Pipelines and tests

A while back I received an email from a friend, that went like this:

We are implementing automated tests and want to put them in our CI/CD pipelines. How do you suggest we proceed?

Since automated tests and CI/CD pipelines are fairly broad terms, I’m taking a step back here and will talk about different ways these two can be combined.

Build pipelines

Besides doing the obvious (building the code), a build pipeline is supposed to run sanity checks in your application, for quick feedback on issues.

A classic build pipeline will:

  • Build your code. Scripting languages will usually still have a build step, focused on minification;
  • Run static code analysis. This can be before, during or after a build, depending on your stack;
  • Run unit tests (more on that below);
  • Tag your repo, so you can trace your build/commit history;
  • Push the build artifacts (eg: binaries, images, documents) to a registry;
  • Report relevant metrics (eg: test results, warnings) to a tracking system;

Since the question is about tests, what should we run at this step then? The answer is everything you can stomach. But not more than that :)

In a couple of previous posts I argued that there are cases in which you can make functional/system tests the base of your strategy, which is great as long as they are fast.

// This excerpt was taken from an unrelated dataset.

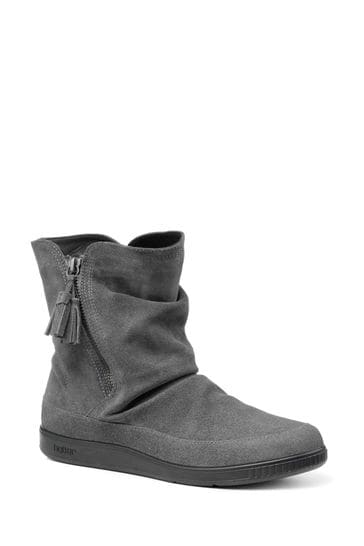 Hotter deals grey boots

So, the tests to execute in this pipeline should be:

  • Fast: developers are waiting on the result of those tests. And we don’t like waiting :)
  • Locally runnable: subtle criteria that can hamper integration. If developers cannot run their tests from their machines, there is no way for them to do proper TDD. Even if that is not your cup of tea, having to push code and wait for build results is a considerable distraction.
  • Relevant: if a test is not fully relevant (see this post for more), then it is detracting from your dev speed (need to maintain it, need to wait for it to execute). Consider deleting these tests or, if you can’t, move them to a slower pipeline (more on that below).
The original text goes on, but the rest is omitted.